鹿児島県姶良市加治木町にあったものです。
島津義弘の御庭焼。
1607年(慶長一二)帖佐からこの地に移城した時、星山伸次(金海)の一族も随って来てしばらく同地日木山の土器園で製作した、1611年(同一六)に義弘か隠居して窯を城北御里の仁礼林左衛門の宅地に移しました。
義弘は仲次や芳珍らに意匠を授け、その優秀なものは座右に置いて愛翫し、そうでないものは破毀させてもっぱら精巧品の製出を奨励しました。

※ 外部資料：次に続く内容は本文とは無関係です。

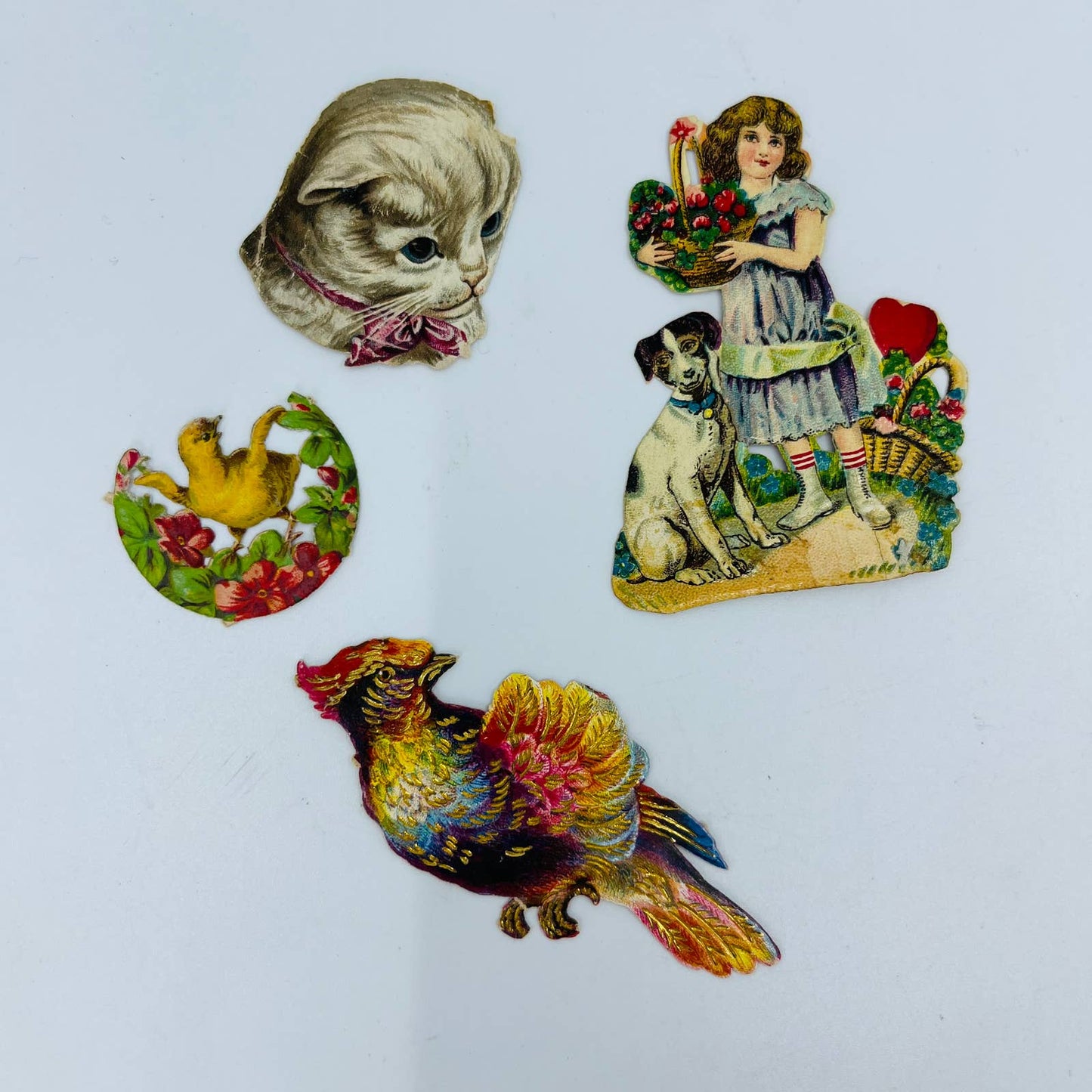 1880s Victorian Die Cut Scrap Lot of 4 Animal Floral Duck Bird Cat Dog 1-3” EA2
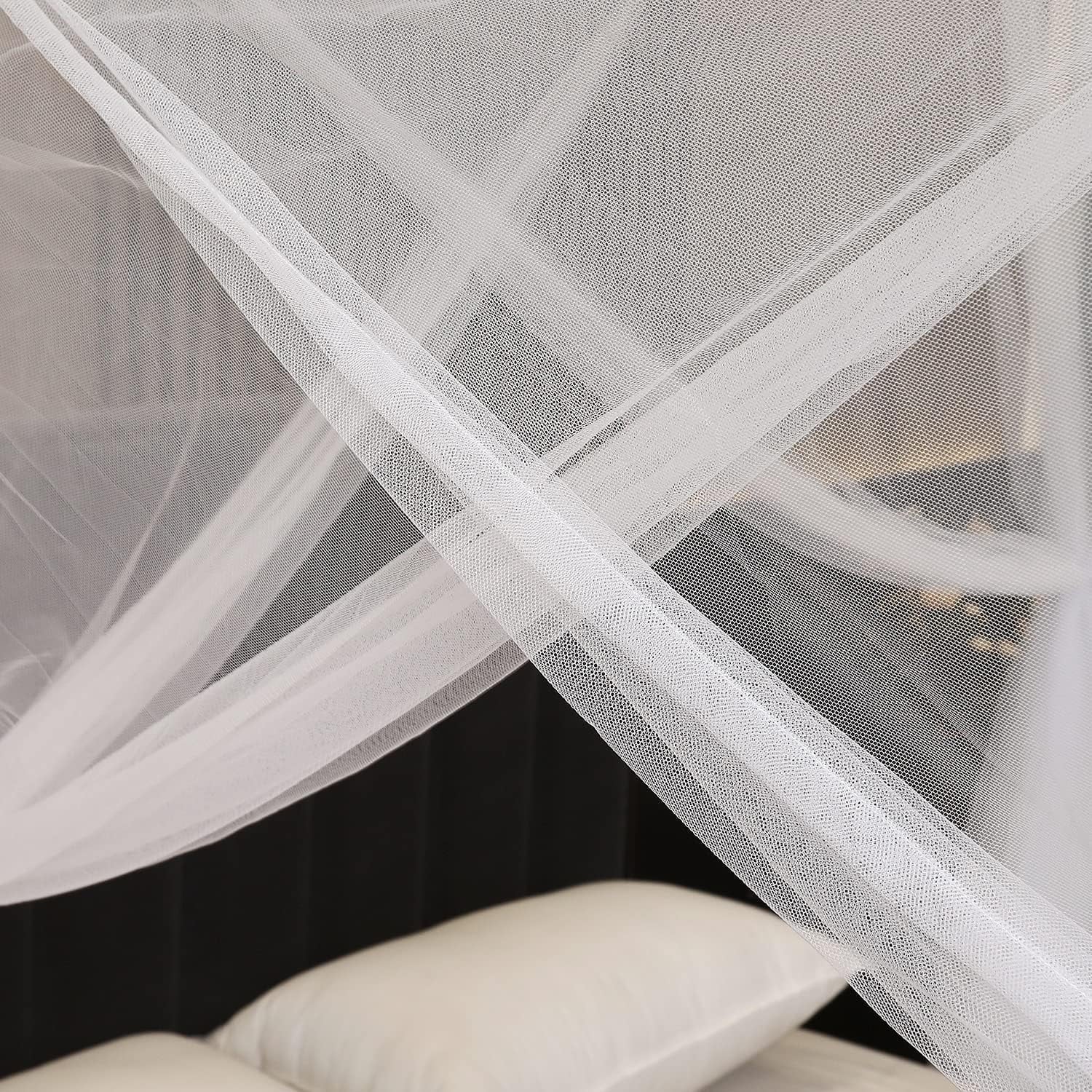 BN-LINK Bed Canopy for Full Queen King Size Bed, Canopy Bed Curtains Elegant Mosquito Net, Mosquito Netting for Camping Patio Indoor Outdoor Bug Net, White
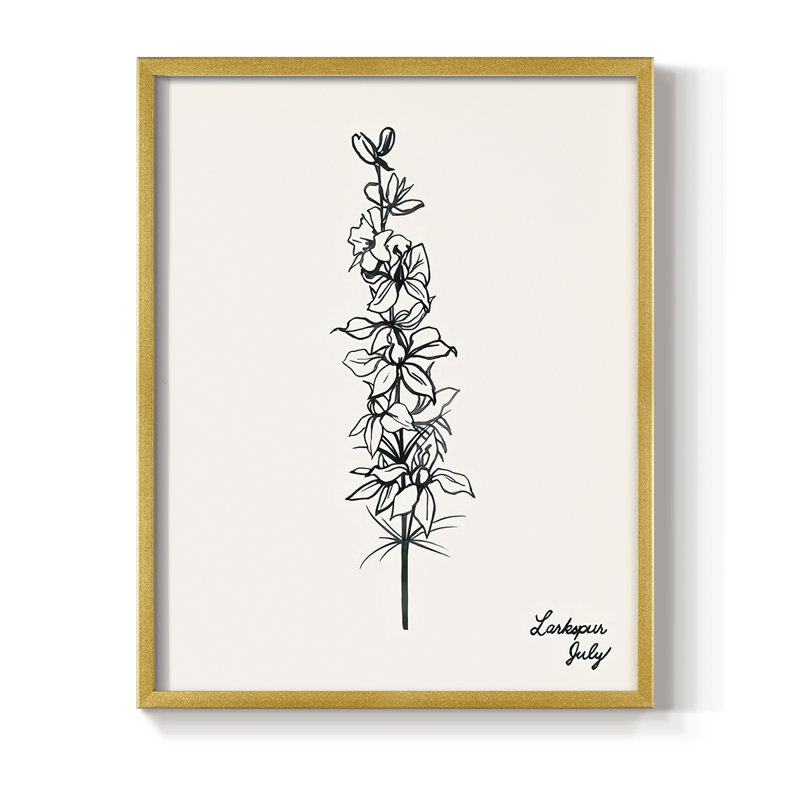 «Annuel Flowers VII», reproduction encadrée - bois massif, H 11 po x l 9 po, Doré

また渥入・茶碗の良いものを鹿児島の愛好家にわけました。
その御判を捺したものを御判手茶碗といいます。
製品は太白焼や蛇蝎釉・黒褐釉などの陶器や炻器で、古帖佐と分別し難く一般にはこれを古帖佐焼と呼んです。
ただ義弘の兄義久の好みで焼いた御鷹野茶碗は、作に特徴があって珍重の品であります。
1615年(元和元)義弘の遺命によって星山伸次が今の鹿児島市竪野に移って開窯したため、廃絶となりました。
なおこの地にはのちに山元焼・竜門司焼が起こったいずれも民窯であります。